Segment Start: DATA FOR THE TASK

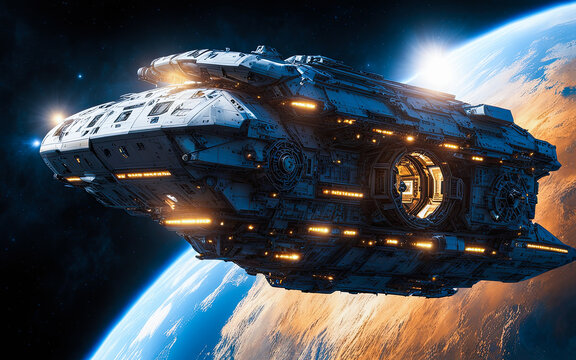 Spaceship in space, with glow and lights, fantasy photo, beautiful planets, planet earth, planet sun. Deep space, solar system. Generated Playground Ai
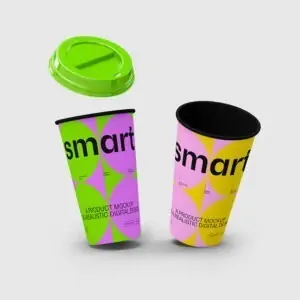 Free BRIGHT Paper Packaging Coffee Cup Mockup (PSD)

Segment End: DATA FOR THE TASK
Segment Start: DATA FOR THE TASK

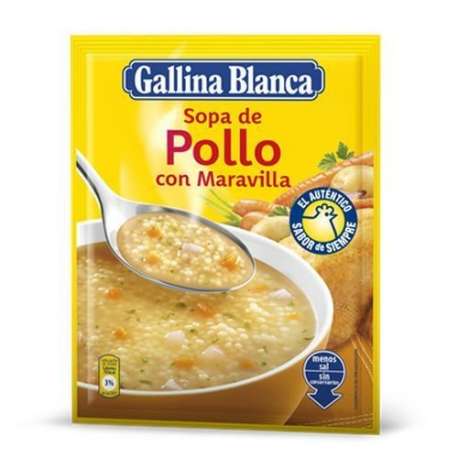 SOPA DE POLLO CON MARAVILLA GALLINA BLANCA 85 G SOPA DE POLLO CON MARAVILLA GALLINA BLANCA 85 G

Segment End: DATA FOR THE TASK
Segment Start: DATA FOR THE TASK

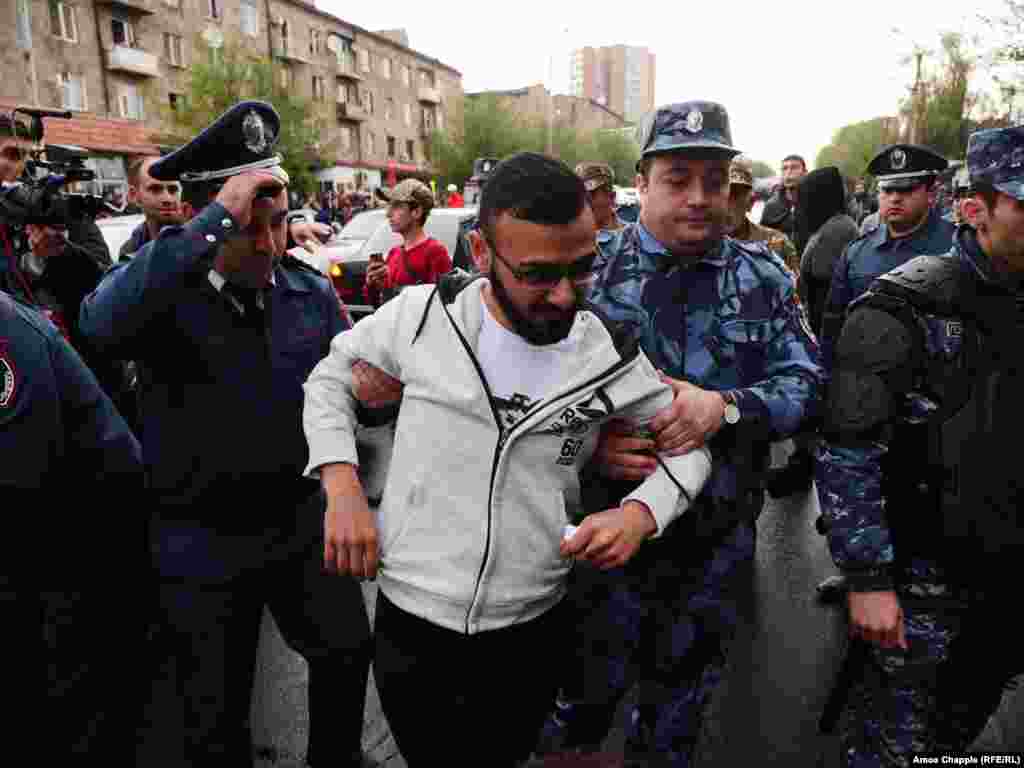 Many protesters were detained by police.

Segment End: DATA FOR THE TASK

◆ **ACTIVITY**:
Take the material above and output only the lines from the one that contains "Spaceship in space, with" through the one that contains "Free BRIGHT Paper", ends included and images left out.

◆ **RESPONSE TO THE EXERCISE**:
 Spaceship in space, with glow and lights, fantasy photo, beautiful planets, planet earth, planet sun. Deep space, solar system. Generated Playground Ai
 Free BRIGHT Paper Packaging Coffee Cup Mockup (PSD)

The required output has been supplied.